Over in Spain, they're relearning an important lesson of the travel trade - you've got to spend money to make money. Particularly in a recession.
Madrid - that's the one: fabulous galleries, acclaimed museums and renowned nightlife - has suffered a slump in visitor numbers because someone forgot to put out the welcome mat.
The number of foreign visitors to Madrid in August plunged 22 per cent from last year to 290,494, bringing the total during the first eight months of the year to 2.76 million - a 7.7 per cent drop on the year before.
That's got to hurt.
And there's a lesson there for New Zealand.
"Madrid has not failed because suddenly it stopped being attractive," says Hilario Alfaro, president of the Madrid Confederation of Commerce.
"It has failed because ... there is little promotion. We have not spent the amount that we need to."
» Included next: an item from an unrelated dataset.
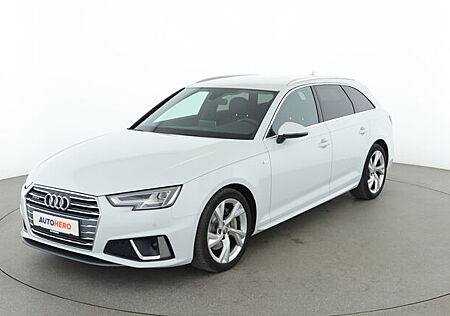 Audi A4 40 TDI quattro Sport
The Madrilenos failed to develop a brand for a city that was once the heart of an empire that spanned the world and today is home to Picasso's Guernica.
Everyone knows what Barcelona, the noisy neighbour to the north, represents. The Catalan capital is all about art, free love and creativity - and that's just the football team.
Madrid, it seems, took its status for granted. So the next time someone tells you New Zealand doesn't need the much-derided 100 per cent Pure campaign, consider Madrid.
"The fundamental problem is that Madrid as a destination lacks an international image like Barcelona has," says the secretary general of the Madrid Association of Hoteliers, Antonio Gil.
Not helping things has been a doubling of airport taxes in Madrid. Even Spain's loss-making national carrier Iberia has many routes into Madrid. (Barcelona meanwhile is the 10th most popular air travel destination in the world for international fliers in 2013, according to MasterCard's annual Global Destination Cities Index. Madrid? 23rd.)
Under pressure from the tourist trade, Madrid's authorities are going on a marketing blitz.
All of which means, of course, right now is a good time to visit Madrid. Get in there while hotels and tapas bars are still cheap.